Based on a given dataset, a neuronal network creates a function f which maps the relationship between features Xi and labels Y. The advantage of deep learning is that it automates feature engineering. At their core, neural networks consist of interconnected neurons that process and transform data. Information is passed into the network, and as it propagates through layers of neurons, complex relationships between input and output are learned. Each connection between neurons carries a weight that determines the strength of their influence on the data’s transformation.

For any arbitrary function f there exist a neuronal network. The goal is to find the best parameters 𝜃 (weights) which result in the best decision boundary.

Let’s consider the illustrations below:

As we can see, there is a dataset on the left. Typically, the dataset consists of some features denoted as x. In this case, we have two features, x1 and x2, for each sample. Additionally, there is a label, also referred to as the target or class, associated with each sample.

To learn the relationship between features X1 and X2 and their corresponding label, we utilize a neural network consisting of 2 input nodes (owing to the two features), one hidden layer with 3 neurons (the number of hidden layers and neurons can be adjusted as hyperparameters), and one output neuron.

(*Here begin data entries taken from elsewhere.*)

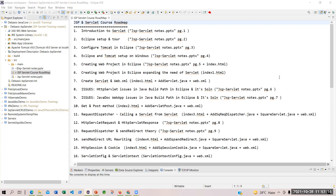We want to use not a standalone application, but a client-server architecture, where the client will send a request to a server, the server will receive and process the request, and provide the response back to the client. The client is the user. Your PC only needs a browser — you do not need to have the server locally.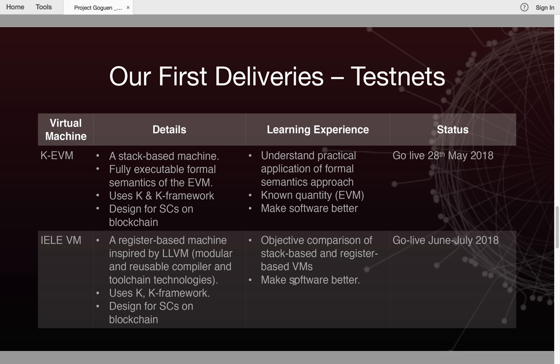Our first deliveries are test nets, and we're very excited because it's an opportunity to engage with you and show what the technology can and can't do. The first test net we're going to release uses the KEVM, which is a stack-based machine. It's a fully executable formal semantics of the Ethereum virtual machine and uses K for formal specification and the K framework for execution. This will allow you to understand the practical application of formal semantics by interacting with the virtual machine and executing Solidity contracts. It's also a known quantity, so it allows you to compare the Ethereum virtual machine with something built using K and the K framework.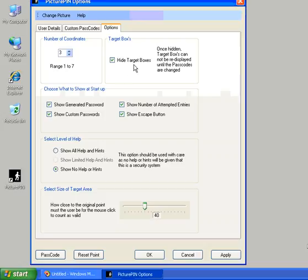However, once those target boxes are hidden, they're gone forever and they won't come back. So be aware. So we press apply. We'll close the picture pin down by pressing OK.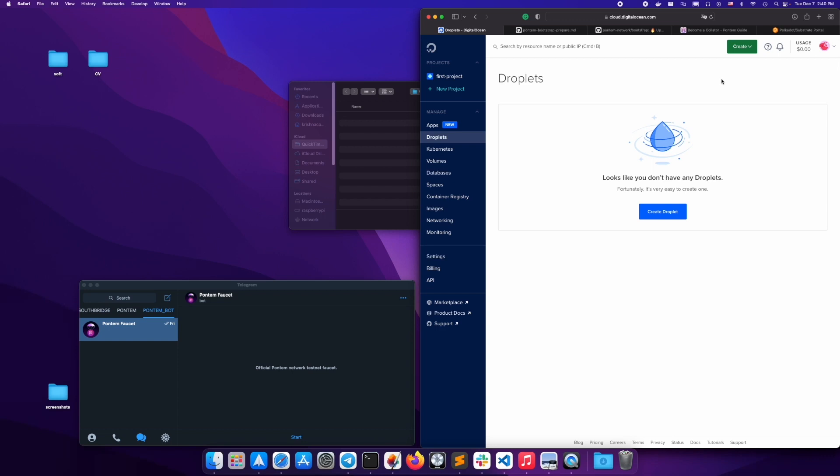Today we're going to review how to set up a Pantum node on a public cloud provider. For this demo, we will be using DigitalOcean as our public cloud provider, but you can also use any other cloud provider such as AWS or Google Cloud.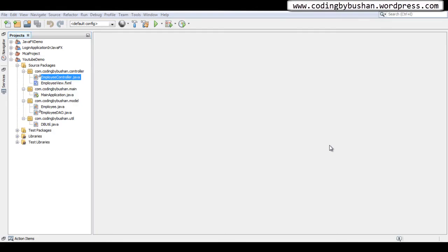Hi there, my name is Bhushan, welcome back to the video series on JavaFX. In our previous lecture we discussed how to use the @FXML annotation and how to communicate with the FXML file using a Java class. We also discussed the insert database operation. In this video we are going to learn another database operation: the update operation. So without wasting our time, let's get started.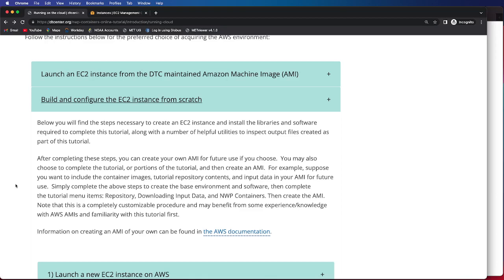From there, you can then create an AMI that will have a preloaded repository, input data, and all the necessary scripts that you need to run through the NWP container tutorial.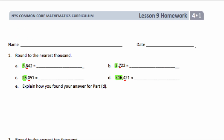Looking at A, we have 6,842. This is between 6,000 and 7,000. I would round up to 7,000 because that number is more than 6,500. For B, we have 2,722. This is between 2,000 and 3,000. I would round up to 3,000 because this is more than 2,500.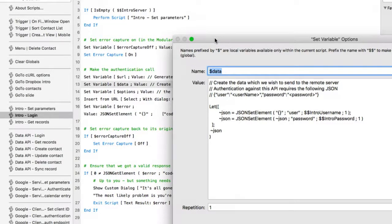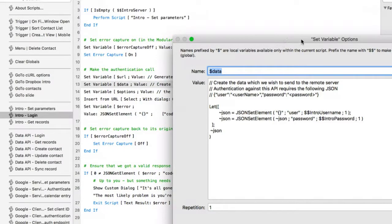Here's another new FileMaker 16 function: JSON Set Element. What it allows us to do is create a JSON object with a single script step. The first time I'm calling it, I'm passing in an empty object — I'm saying 'make me some JSON, starting with nothing.' In there, put a 'user' element with the value of the username, and the digit 1 at the end tells Set Element that I'm passing it a text string. So I'm building the JSON I need for my API into a variable.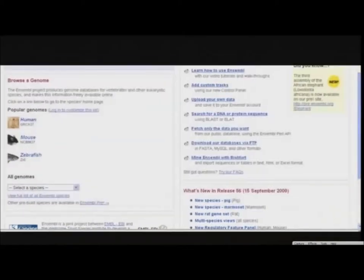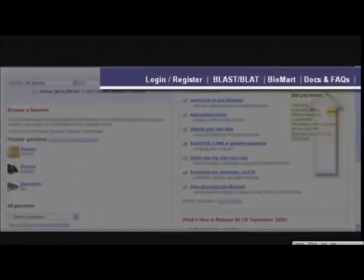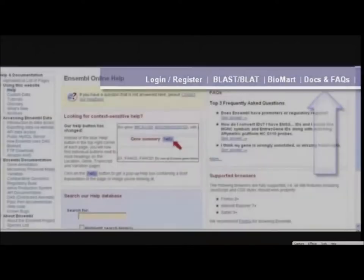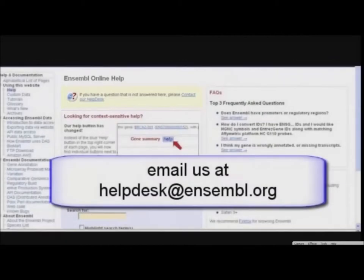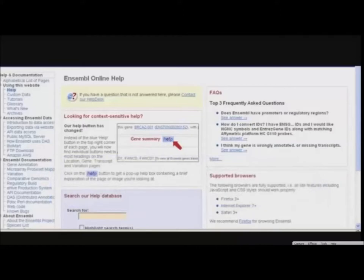An archive link is present at the bottom of every page. This allows older versions of Ensembl to be accessed. At the top, find links to documentation and frequently asked questions. Contact our Help Desk with any questions or comments using the link shown here. Help Desk messages are replied to within 48 hours, so please make use of this resource.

A weight matrix is associated with each layer. In this instance, there exists a hidden layer and an output layer, resulting in two weight matrices. These weights are initialized randomly, and throughout the training process, they are iteratively updated until the loss converges. A weight matrix always has the dimension n x m

n neurons in the previous layer (input layer or a previous hidden layer).
m neurons in the current hidden layer.

After training a neural network, a decision boundary is obtained. If we then introduce a sample that was not included in the training data, the neural network classifies the new, unseen datapoint based on this decision boundary.

The prediction of input in a neural network (Forward pass)

Figure 2 illustrates how input data is passed forward in a neural network with only one output node (a7) that can be used for regression tasks (In this case we use arbitrary weights and biases for illustration purposes, thus the prediction would be nonsense). The illustration shows how a neural network results in a specific function. Each node in a hidden layer has the following function: z = a(weights*input+bias), where a refers to an activation function, such as ReLu. The last node a7 is a combination of all previous functions, resulting in one single non-linear function. To understand the combination of functions, we can take node a4 as an example. We can see that node a4 depends on the functions of nodes a1 to a3, which in turn depend on the input x. In particular, the value of node a4 is calculated by a(weights*input+bias). In this case the bias is -1, the weights are 0.3, 0.2 and 0.1. And the input is the output of the previous three nodes a1,a2 and a3.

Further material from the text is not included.